# Jointer Safety Question



## North40 (Oct 17, 2007)

I've read a couple of articles recently that specifically state that when using pushblocks on the jointer, you should never put your fingers around the handle, as your fingers may be trapped in a kickback situation. Instead, you should put your palms on top of the handle.


This sounds good in theory - no one wants their fingers "trapped" when something goes wrong. But I'm not sure it works in practice, and since I've managed to avoid any serious jointer kickback, I don't really know how it works.

Here's what I'm thinking: 
If your fingers are through the handle and the board gets kicked out, either 1) the pushblocks will go with the board, dragging your hands away from the cutterhead; or 2) the pushblocks will slide, the board will go away, but you will still have a pushblock between your hands and the cutterhead. However, if your hands are open on top of the push blocks and the board gets kicked out, the blocks will most certainly go with the wood, and your hand will go palm-down onto the cutterhead.

Am I missing something?


----------



## SteveKorz (Mar 25, 2008)

I think that alot of this theory (as with feeding material for any machine) is in your body weight distribution. I've seen people really throw their weight into lumber when they are feeding it into the tablesaw, jointer, whatever. That, in my theory, is a good method to get cut up. I put ALL of my weight on my feet, with most my weight on the leg that is farthest from the machine. I give just enough weight and force to my hands and arms to handle the lumber, and feed it. If something happens, my hands aren't forced into anything, because they aren't supporting any of my weight.

With machines like an unfenced router table (using a bit with a bearing), a tablesaw, or a jointer, they are extremely dangerous if you mismanage your weight, regardless of how you decide to hold a push block. I do think that using the palm of your hand instead of securely holding the push block is asking for trouble. Most of the kickback problems I've ever experienced were because I was dumb enough to not fence a tablesaw, or handle a pushblock securely.

If you weren't gripping the pushblock, you would have to add weight to your hands and arms on the block to push the material thru the machine. If you do that, I think you are *ASKING* to literally FALL into the cutterhead if the material was removed via kickback (the pushblock would have to go too, since you aren't "holding" it). Some of your upper body weight would be supported by your hands, and it would have to go somewhere.

Just my long winded .02 cents…

-Steve


----------



## lew (Feb 13, 2008)

Steve's advice is worth waaaayyy more than .02 cents!!

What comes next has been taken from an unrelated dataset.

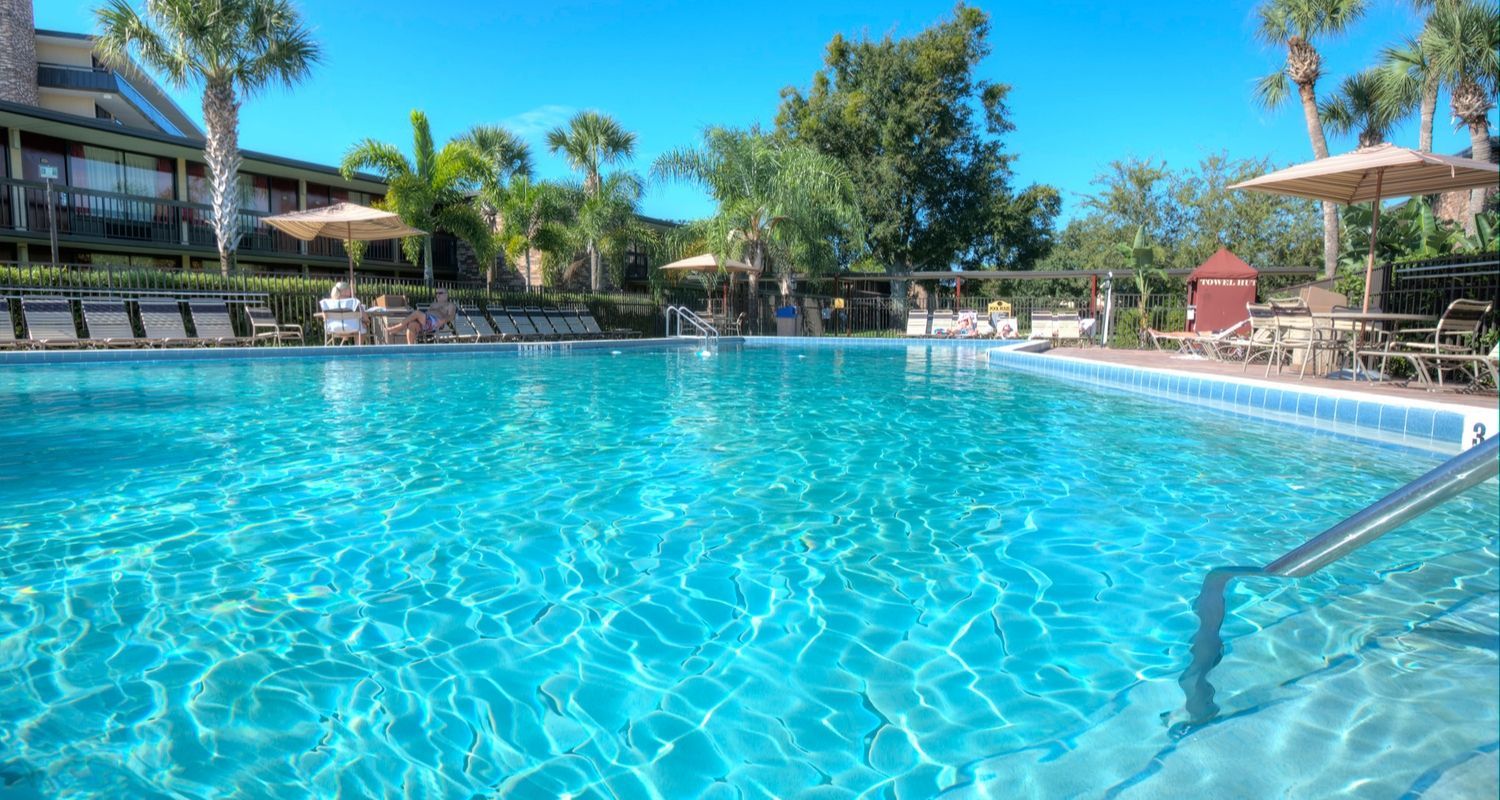 outdoor swimming pool with roman-style steps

I would add this, to what he said. I hate those rubber bottomed push blocks. I know- every jointer comes with them and every wood working store, worth their salt, sells them. BUT-- they tend to slip! Any saw dust on the woods surface will reduce their gripping power and you tend to push even harder to get a grip.

For myself, I prefer to use a push stick style safety device that hooks over the end of the stock and is long enough to apply downward pressure along the top of the work piece.

Lew


----------



## MsDebbieP (Jan 4, 2007)

great discussion and Steve's answer is great advice for woodworking in general! 
Thanks


----------



## North40 (Oct 17, 2007)

Steve, thanks for your thoughts. I try to imagine what would happen if the workpiece suddenly disappeared (which is basically what happens with kickback) and try to be sure I wouldn't come in contact with the cutter if that happened. That "what if" is what led to my question. Any idea what the theory is behind the open-hand suggestion?

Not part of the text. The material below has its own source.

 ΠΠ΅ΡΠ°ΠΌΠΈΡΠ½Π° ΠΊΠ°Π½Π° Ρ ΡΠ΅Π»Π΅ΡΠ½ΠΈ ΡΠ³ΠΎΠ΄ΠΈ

Lew, I'm with you on the rubber bottomed push blocks. I use spray adhesive to put 80 or 100 grit sandpaper on them. That makes them grip really well.


----------



## SteveKorz (Mar 25, 2008)

I'm with Lew, I don't use those rubber push blocks… I make my own, ones with a "catch" at the end to help drive the stock. Like Lew said, the rubber one's slip, and that requires you to put MORE pressure downward, to the cutterhead or blade. The one's with the catch at the end PUSH the stock through and keeps the energy and the motion of your hands from going downward. You'll find that keeping just enough pressure on the stock to keep it on the table, and by waxing your table, it will be an easy feed because you're not increasing the friction of the lumber to the table with all that unecessary downward pressure that those pushblocks create.

If you've ever experienced any kind of kickback, you'll know that it takes place before you have time to react. The only thing you can do is learn how to feed it properly and always keep your hands in a position that won't force them to the cutterhead.

My favorite push block I made was out of a 2×4. I took a 14 inch 2×4 and cut a 1 inch wide, 3/4 deep groove in it across the width, about 4 inches from the end or so. Then, I ripped a 1×4 down to a 1 inch width and screwed it in the groove as a perpendicular handle. I grip the handle, and the 2×4 is on the underside of my forearm, it has a little catch at the back. If I have kickback, I have a 2×4 under my forearm to catch the cutterhead, if needed. It's not pretty (I made it in a hurry), but it works well.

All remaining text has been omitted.